* REQUIRED ACTION *
Exactly the lines below from the line with "this 554×738 image." through the line with "this 1240×782 image." must make up the answer, both ends included and pictures left out.

* EXTRACTED MATERIAL *
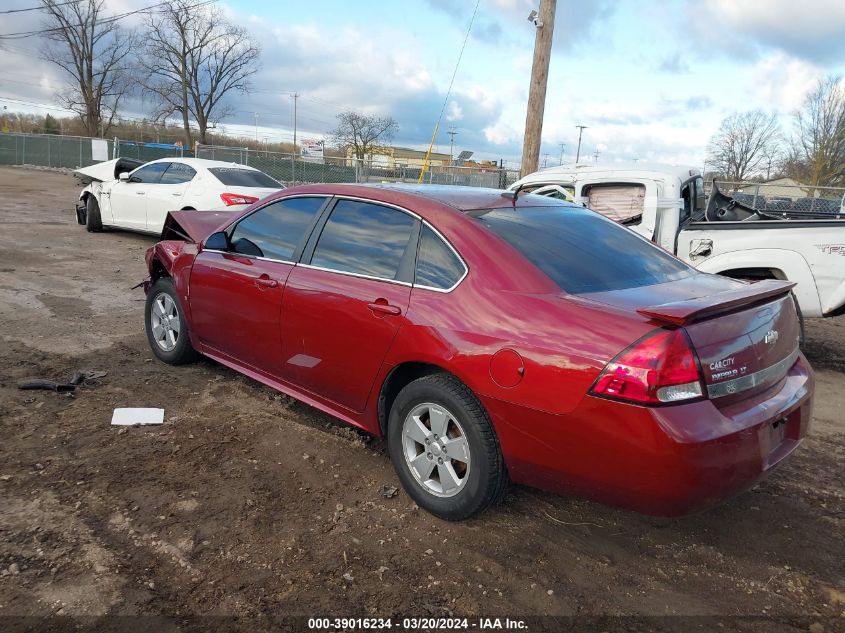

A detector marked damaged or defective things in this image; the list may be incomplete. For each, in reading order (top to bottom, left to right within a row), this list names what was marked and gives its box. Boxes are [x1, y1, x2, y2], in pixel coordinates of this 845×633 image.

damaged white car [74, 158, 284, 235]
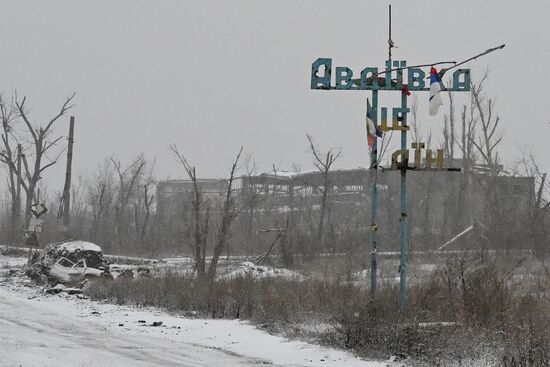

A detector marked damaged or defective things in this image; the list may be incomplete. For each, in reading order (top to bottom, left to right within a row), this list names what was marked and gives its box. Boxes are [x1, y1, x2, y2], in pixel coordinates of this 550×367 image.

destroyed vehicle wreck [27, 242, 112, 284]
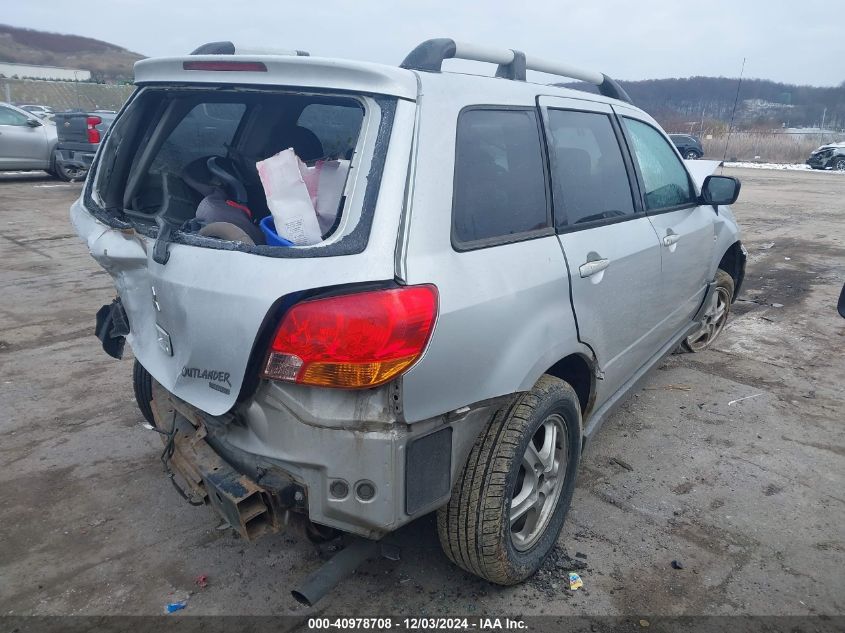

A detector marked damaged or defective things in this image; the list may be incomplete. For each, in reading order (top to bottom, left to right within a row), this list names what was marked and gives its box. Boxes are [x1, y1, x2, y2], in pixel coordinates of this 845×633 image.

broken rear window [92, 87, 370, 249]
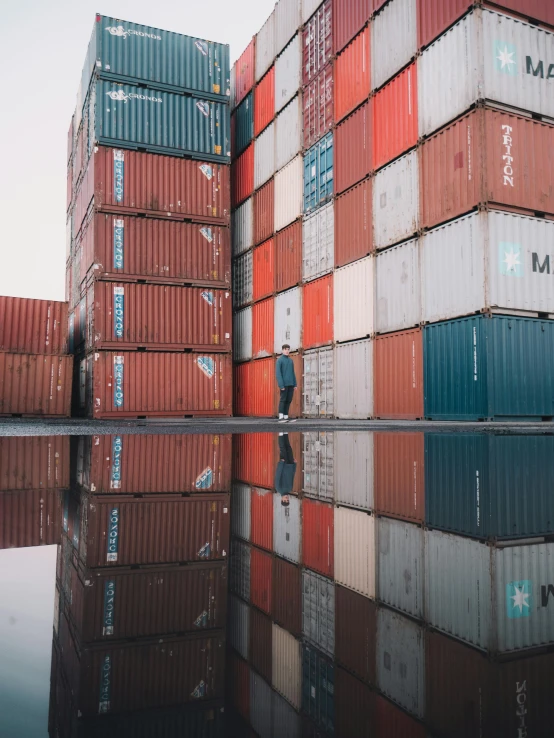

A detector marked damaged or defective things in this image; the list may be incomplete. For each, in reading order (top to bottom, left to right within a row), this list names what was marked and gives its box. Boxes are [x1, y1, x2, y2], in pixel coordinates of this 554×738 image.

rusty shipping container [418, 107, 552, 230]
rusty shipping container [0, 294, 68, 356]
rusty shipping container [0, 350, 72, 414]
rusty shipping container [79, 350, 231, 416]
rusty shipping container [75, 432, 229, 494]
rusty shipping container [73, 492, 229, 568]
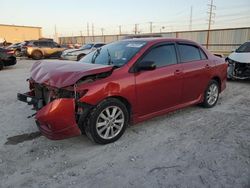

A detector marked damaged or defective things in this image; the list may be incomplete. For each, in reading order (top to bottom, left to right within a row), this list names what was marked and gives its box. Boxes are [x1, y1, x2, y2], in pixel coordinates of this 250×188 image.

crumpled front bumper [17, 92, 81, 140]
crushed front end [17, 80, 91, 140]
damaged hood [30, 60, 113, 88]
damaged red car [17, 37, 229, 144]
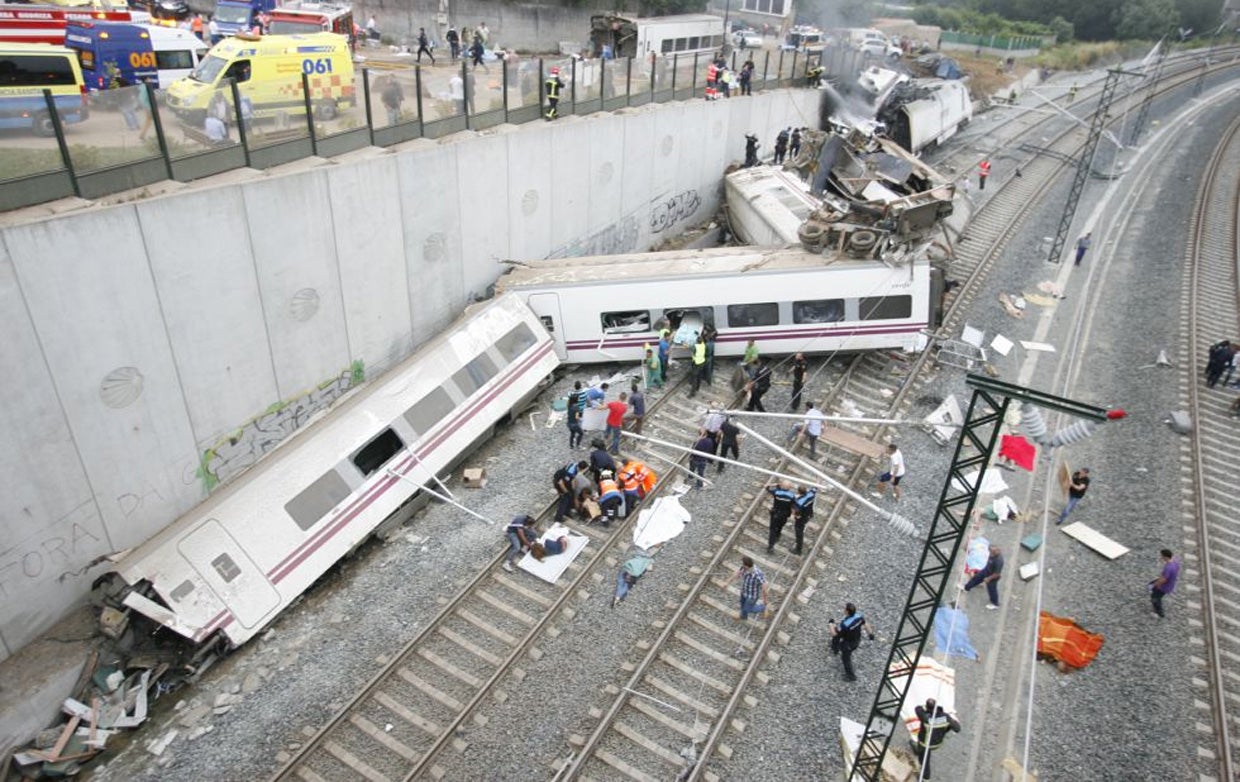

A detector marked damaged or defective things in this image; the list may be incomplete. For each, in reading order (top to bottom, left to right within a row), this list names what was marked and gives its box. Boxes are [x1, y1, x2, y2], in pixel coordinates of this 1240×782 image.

---

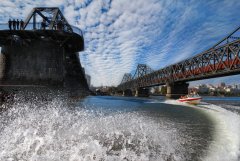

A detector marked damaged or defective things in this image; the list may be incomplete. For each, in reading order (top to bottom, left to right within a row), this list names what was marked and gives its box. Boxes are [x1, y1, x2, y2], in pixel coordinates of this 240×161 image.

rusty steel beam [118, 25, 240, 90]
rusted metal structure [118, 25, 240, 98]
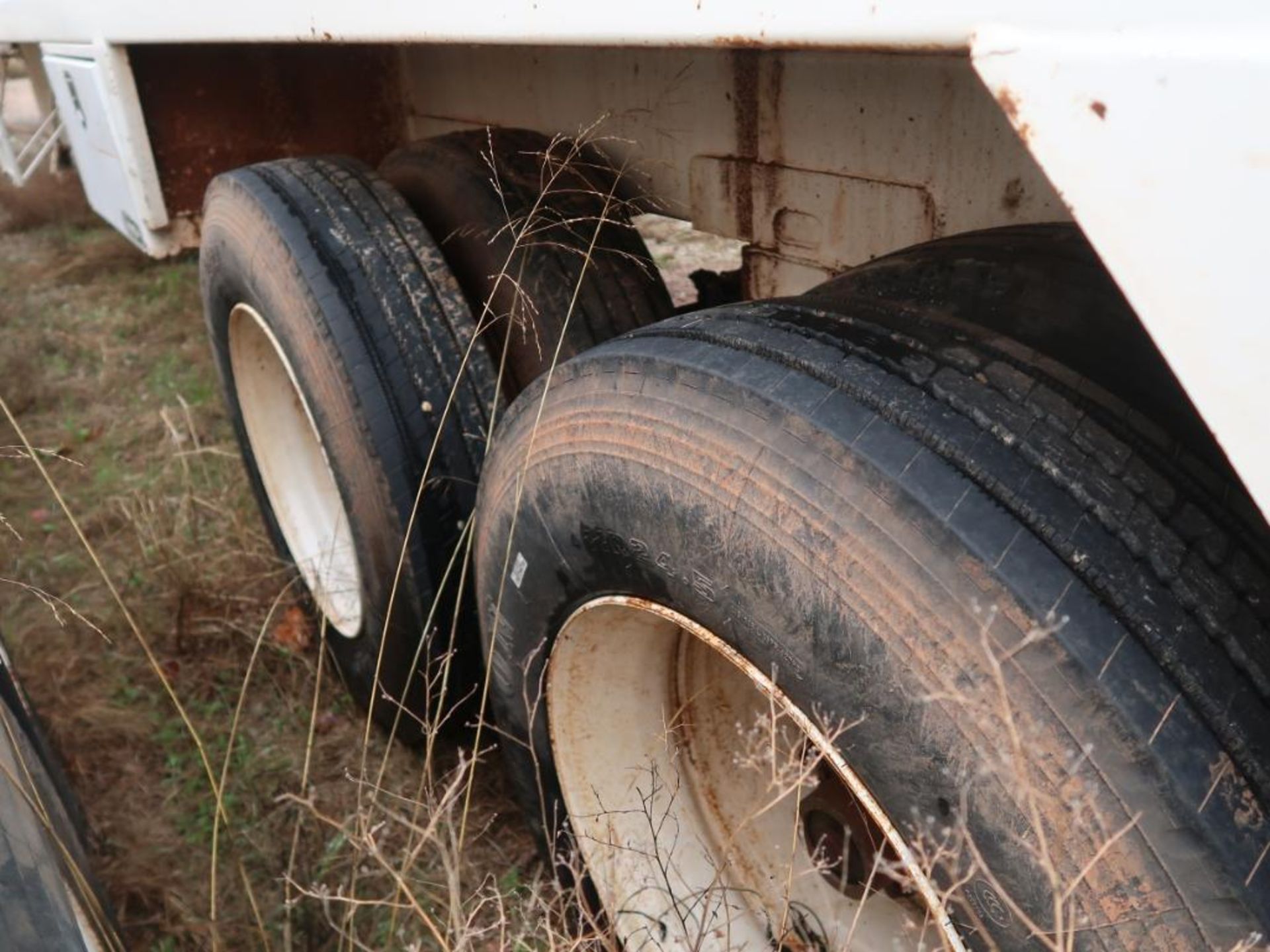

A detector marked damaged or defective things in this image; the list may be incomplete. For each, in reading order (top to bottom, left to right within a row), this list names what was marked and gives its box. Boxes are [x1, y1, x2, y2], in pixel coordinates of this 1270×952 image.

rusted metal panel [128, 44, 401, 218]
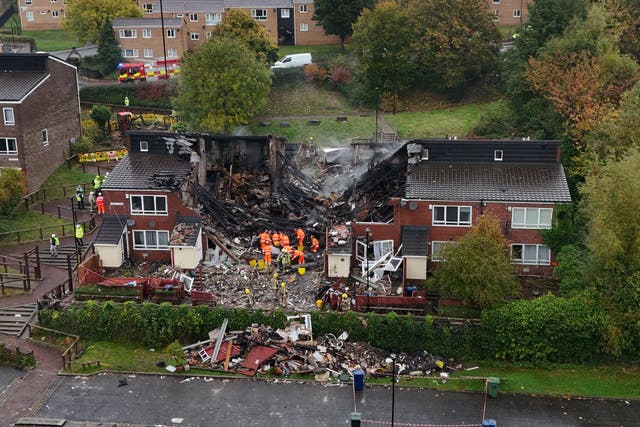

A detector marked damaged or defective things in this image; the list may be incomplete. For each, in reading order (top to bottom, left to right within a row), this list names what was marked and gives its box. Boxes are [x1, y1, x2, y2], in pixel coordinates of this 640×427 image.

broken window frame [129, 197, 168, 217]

* * *

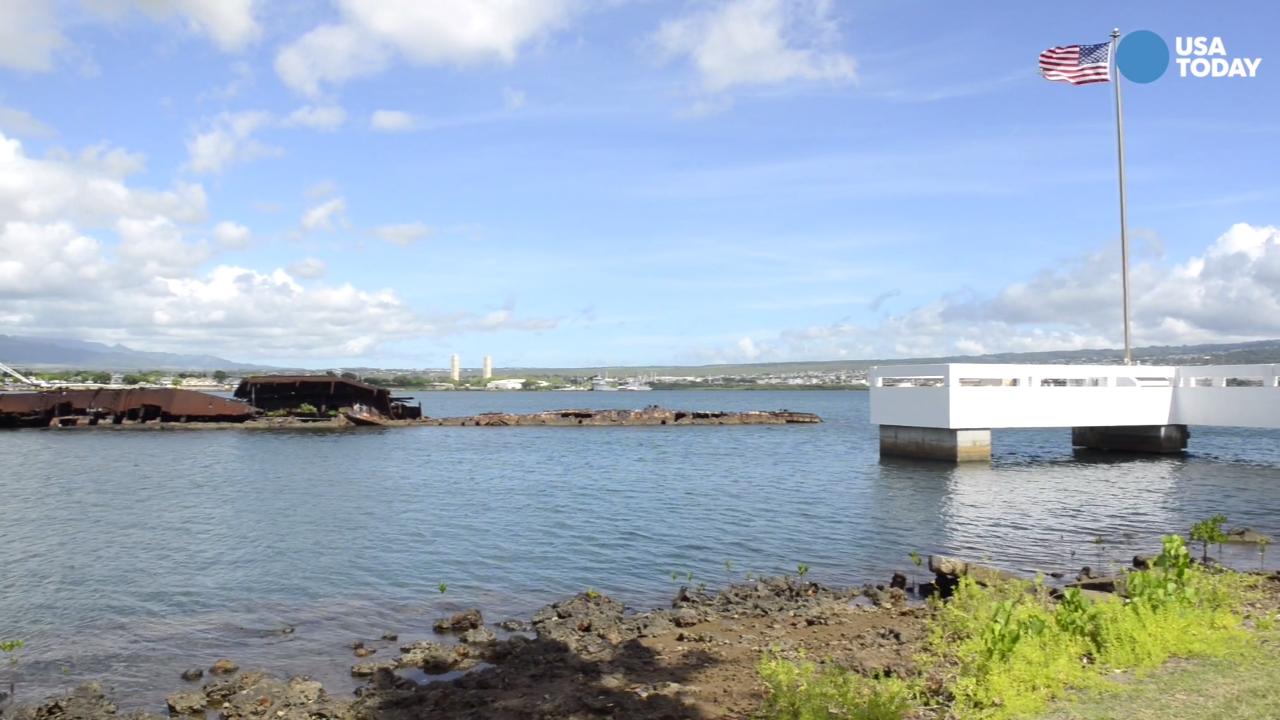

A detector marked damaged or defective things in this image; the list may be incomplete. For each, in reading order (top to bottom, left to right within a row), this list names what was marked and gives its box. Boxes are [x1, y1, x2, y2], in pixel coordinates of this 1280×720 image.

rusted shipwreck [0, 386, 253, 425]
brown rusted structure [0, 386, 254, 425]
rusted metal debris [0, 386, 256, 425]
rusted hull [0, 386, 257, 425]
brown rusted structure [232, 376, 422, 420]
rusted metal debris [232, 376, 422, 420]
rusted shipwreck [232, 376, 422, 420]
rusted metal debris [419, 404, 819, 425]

* EXERCISE RESULT *
A detector marked damaged or defective things in this image; the list may be incomplete. For each, in reading order (top to bottom, left to right within a row), this list names what was marked and gives its box. Boxes are [x1, y1, x2, y2], in pixel coordinates of this 554×738 image.

rusty shipping container [418, 107, 552, 230]
rusty shipping container [0, 294, 68, 356]
rusty shipping container [0, 350, 72, 414]
rusty shipping container [79, 350, 231, 416]
rusty shipping container [75, 432, 229, 494]
rusty shipping container [73, 492, 229, 568]

A detector marked damaged or defective things in this image; the list may be incomplete. For each, in reading order (top to bottom, left to right within a row), this list names what was marked and gives its box. Boxes are [x1, y1, x2, y2], in pixel coordinates of this 250×188 image.

crumpled front bumper [17, 92, 81, 140]
crushed front end [17, 80, 91, 140]
damaged hood [30, 60, 113, 88]
damaged red car [17, 37, 229, 144]

A detector marked damaged or defective things in this image; the list may be incomplete. For each, in reading order (top to bottom, left to right within a row), this list names what was marked and gives its box. Boxes are [x1, y1, x2, y2], in pixel coordinates of this 1240×782 image.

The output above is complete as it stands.